I am thinking that you will loose cycles in the "glue" that stitches the synch sram to the avalon bus, and thus make the performance not as good as the Asynchronous SRAM that is used on the Altera demo boards.  

 

Has anyone looked in detail at this? 

 

Thanks for any info. 

 

Eric Tauch
0 Kudos
11 Replies
Altera_Forum
Honored Contributor II
727 Views

I haven't done it yet, but I've got a Synchronous SRAM spec'd into the next spin of my board. After a few days of absorbing details, I decided on Synch SRAM with No Bus Latancy (NoBL also called Zero Bus Turnaround ZBT) with Flow-Through output. (as opposed to pipelined output) 

 

The ZBT is important if you're going to be switching between reading and writing often. (like moving memory within the same module) 

 

The Flow-Through is important as it presents data on every clock as opposed to pipeline that takes two clocks. In reality its almost a wash, because you can clock the pipelined chips almost twice as fast as the Flow-Through.  

 

You can of course make your controller latency aware and even take advantage of the SSRAM's Burst Modes, but in my case, I'm going to be using the ram for table lookups. This means the addresses will be presented in a random order so burst and I think pipelining won't do me any good. (plus I'd rather have a 100-133MHz bus vs. 250MHz bus for the same performance) 

 

FYI, I chose the Cypress CY7C1355B (256K x 36). It can clock upto 133MHz and is available from several sources for $15. 

 

I'm thinking I'll be able to setup fairly aggressive timing using IUL. 

 

Ken
0 Kudos
Altera_Forum
Honored Contributor II
727 Views

Thanks for your comments. 

 

So why do you want to use the synch ram for an implementation that is non-sequential? 

 

I guess cost could be a factor. 

 

An asynch at 10ns could give you 66MHz no wait state bus (rough numbers). Whereas a 133 synch running non sequential 

would take 3 clocks per access for 44MHz overall through-put. 

 

Just wondering what your reasons for the synch ram are. 

 

I was considering the latency aware implementation for instruction execution. I am thinking the the UIL glue will still eat up a clock (considering a state machine control circuit). Perhaps some sort of simple logic circuit would preclude loss of clocks. I will have to draw up some bus cycles to see. 

 

Thanks, 

Eric
0 Kudos
Altera_Forum
Honored Contributor II
727 Views

Eric, 

 

I'm glad you brought this up.
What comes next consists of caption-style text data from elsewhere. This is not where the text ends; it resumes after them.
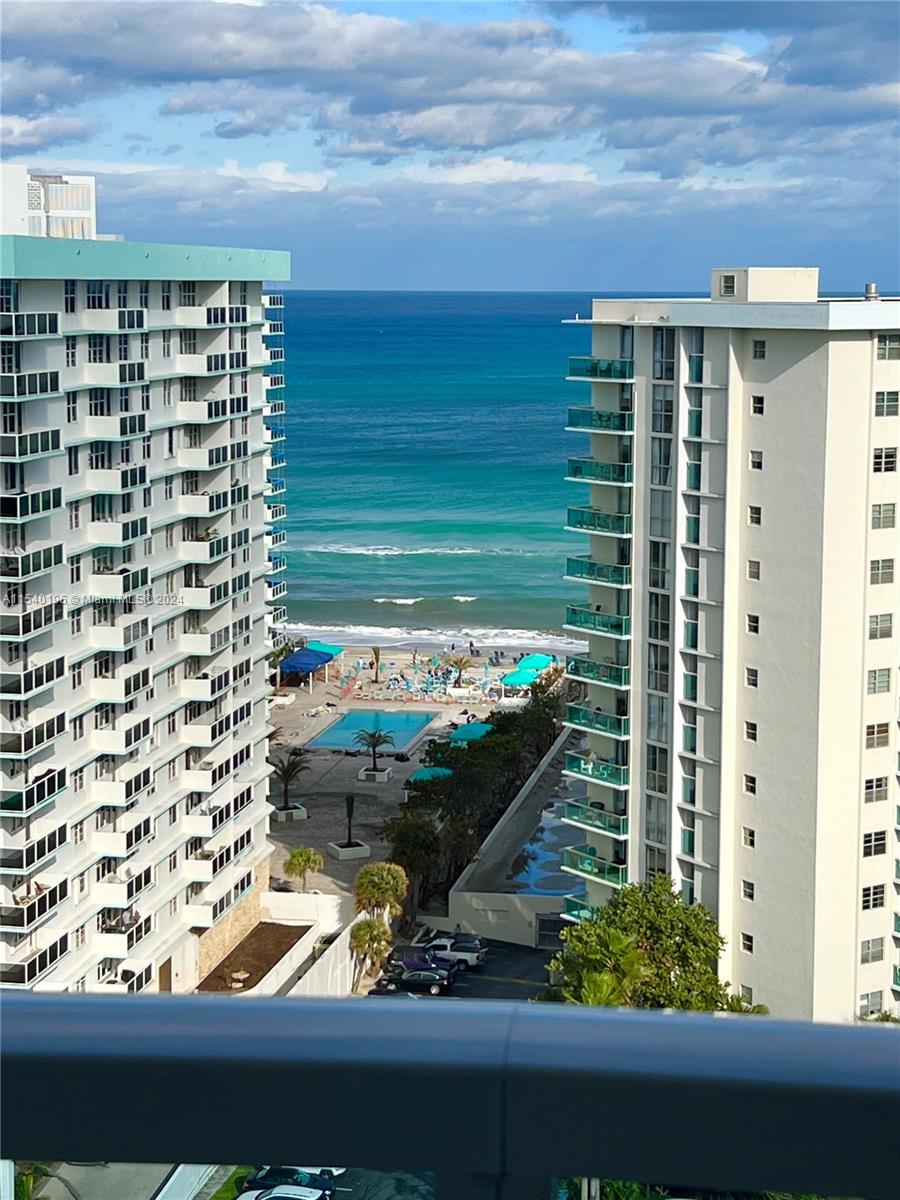HALLMARK OF HOLLYWOOD CON - Residential Lease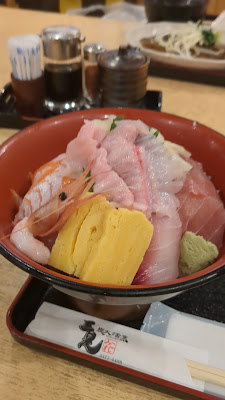 炭火割烹 三是 사진 2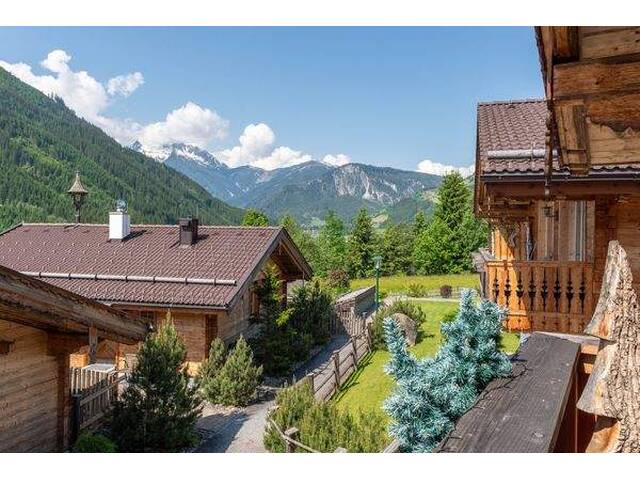 Immobilie in Neukirchen am Großvenediger - Traumhaftes Chalet mit touristischer Vermietungsmöglichkeit ( 05125 ) - Bild 1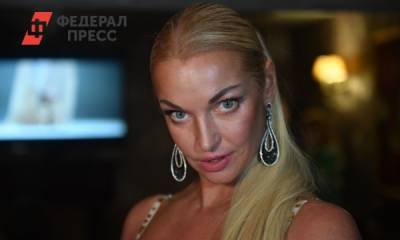 Волочкова объявила войну соседке – бывшей солистке группы «Стрелки»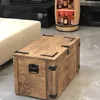 Rustikale Holztruhe auf Rädern 80 cm. Truhe mit Holzdeckel Produktbild-Vorschau 4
There is still time to change if I'm reading the things wrong. 

 

The timing diagrams show that the contents at the address presented on one rising edge are available by the next rising edge. (6.5ns later) 

 

From the perspective of the Nios running off the same 100-133MHz clock how could I do better? 

 

The thing I'm not sure of, and this may be the source of one of your 3 clocks, is whether or not the Nios/Avalon can present the address in 0 clocks or do you essentially spend one clock getting the address setup?  

 

That is if I have 0 setup time in IUL and a LDW is executed, how many clocks until RD# and ADDR are both valid on a rising clock edge? 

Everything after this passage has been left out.